– Par Marc-André Bonneau –
Au lendemain de l’ajournement de la session parlementaire pour la période des Fêtes, Postes Canada a annoncé une série de mesures visant à redresser les finances de la société d’État. Le président du Syndicat des travailleurs et travailleuses des postes, Denis Lemelin, s’est entretenu avec La Rotonde pour discuter ces changements.
M. Lemelin affirme que ces mesures s’inscrivent dans « une lutte politique » et que plusieurs activités de mobilisation sont à prévoir. « On organise une manifestation à Ottawa le 26 janvier, qui va se terminer devant le bureau du premier ministre. On cible directement le premier ministre Harper, puisqu’il est en mesure de changer et de ramener Postes Canada à l’ordre. »
Selon les plans de la société de la couronne, d’ici 2015, des boîtes communes remplaceront le courrier à domicile tel qu’on le connaît aujourd’hui. Ces dernières, qui sont déjà présentent dans certains quartiers, obligeront les gens à se déplacer pour obtenir leur courrier, ce qui peut être problématique pour les individus à mobilité réduite. Actuellement, on estime que le tiers des foyers canadiens reçoivent leur courrier à domicile.
Sans ces mesures, Postes Canada prévoyait souffrir d’un déficit annuel de près d’un milliard de dollars par année, jusqu’en 2020. En plus de délaisser les services à domicile, une hausse importante du prix des timbres postaux est prévue. Coutant actuellement 63 ¢, leur prix à l’unité grimpera à 1 $ à partir du 31 mars 2014.
M. Lemelin souligne que d’autres alternatives sont possibles pour Postes Canada. « On a fait d’autres propositions. Par exemple, au lieu de couper, il est possible de faire l’expansion de services, tels que les services bancaires et financiers. »

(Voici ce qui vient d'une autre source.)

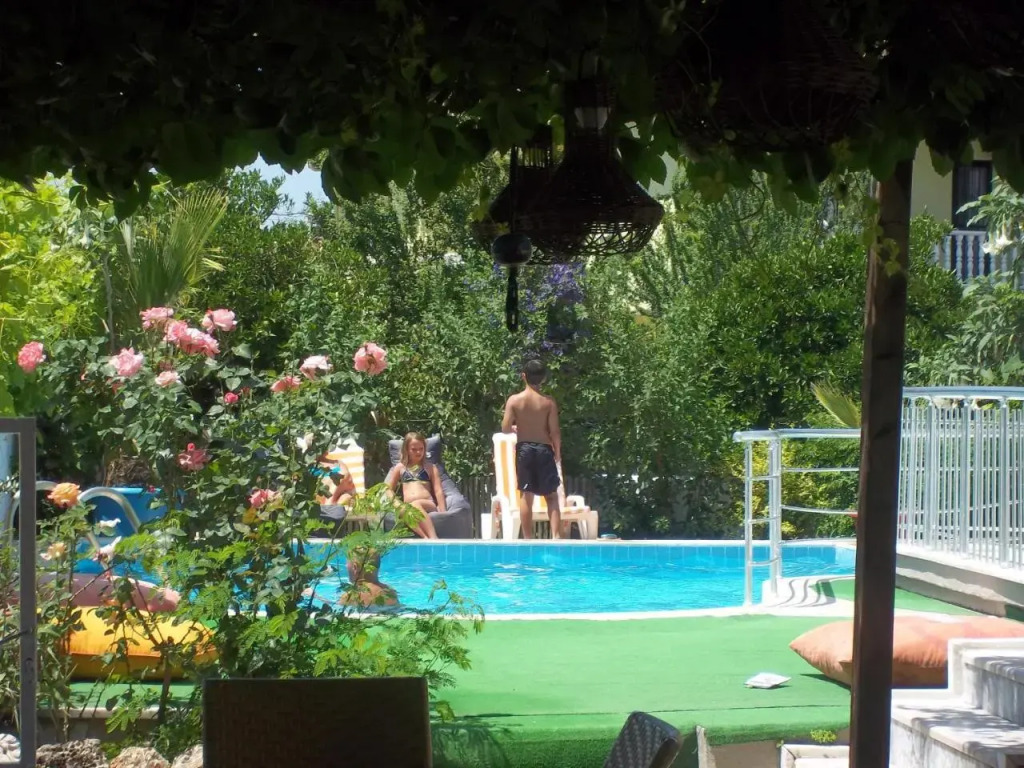 Nilay Apart Hotel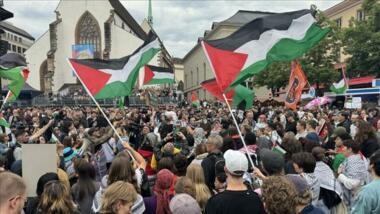 تظاهرة في بازل السويسرية رفضا لمشاركة إسرائيل في مسابقة الأغنية الأوروبية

Le président du syndicat affirme que tous ont un mot à dire dans les discussions sur l’avenir des postes. « On invite l’ensemble de la population à y participer. En même temps, le 27, on va organiser des activités partout au pays, soit des activités publiques, soit des rencontres avec les municipalités. Il y a plusieurs aspects à cette lutte politique ». Comme l’indique M. Lemelin, au-delà du questionnement de la position du gouvernement, les impacts de ces mesures doivent aussi être abordés au niveau municipal.

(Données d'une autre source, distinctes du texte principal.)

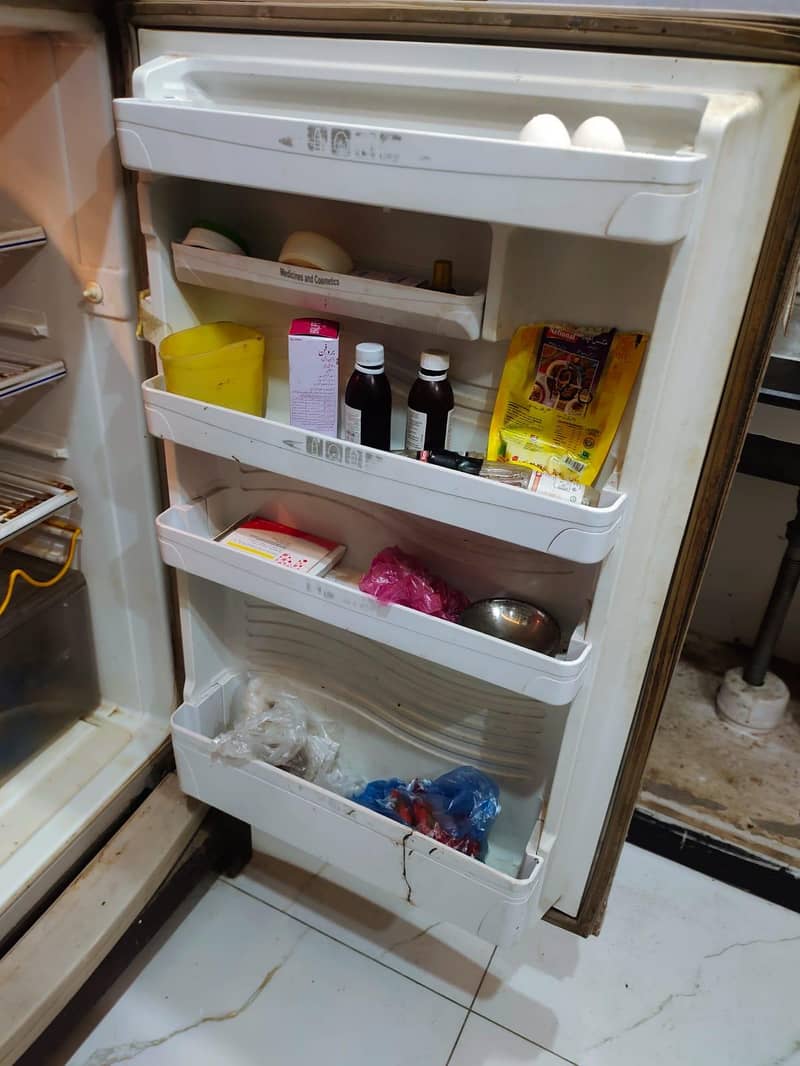 Refrigerator 3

En décembre, Postes Canada a défendu son plan en comité parlementaire. Deepak Chopra, président de Postes Canada, a affirmé que les changements apportés ont été « réfléchis » et que ceux-ci seront graduels.
Face au fait que l’annonce ait été faite au lendemain de la fermeture de la session parlementaire, M. Lemelin affirme que « c’est évident que c’est l’approche du gouvernement Harper ». En procédant ainsi, ce dernier explique que « comme le gouvernement ne voulait pas avoir un débat sur le service postal avant Noël, l’annoncer le lendemain était comme un pacte avec Postes Canada. D’un côté, le gouvernement a donné un congé de paiement au niveau de certains aspects du fonds de pension et Postes Canada se retourne de bord et met en place un plan qui va éliminer l’équivalant de 6000 à 8000 emplois partout au pays. »
M. Lemelin a aussi soulevé qu’une multitude d’aspects qu’apporte la poste doivent être soulevés dans le débat, comme le lien social entre le facteur et les citoyens qui est créé par la livraison à domicile. De plus, beaucoup d’individus se déplacent en voiture pour aller chercher leur courrier dans les cases postales, ce qui pourrait être une source de pollution considérable. Ainsi, selon ce dernier, il y existe plusieurs conséquences indirectes.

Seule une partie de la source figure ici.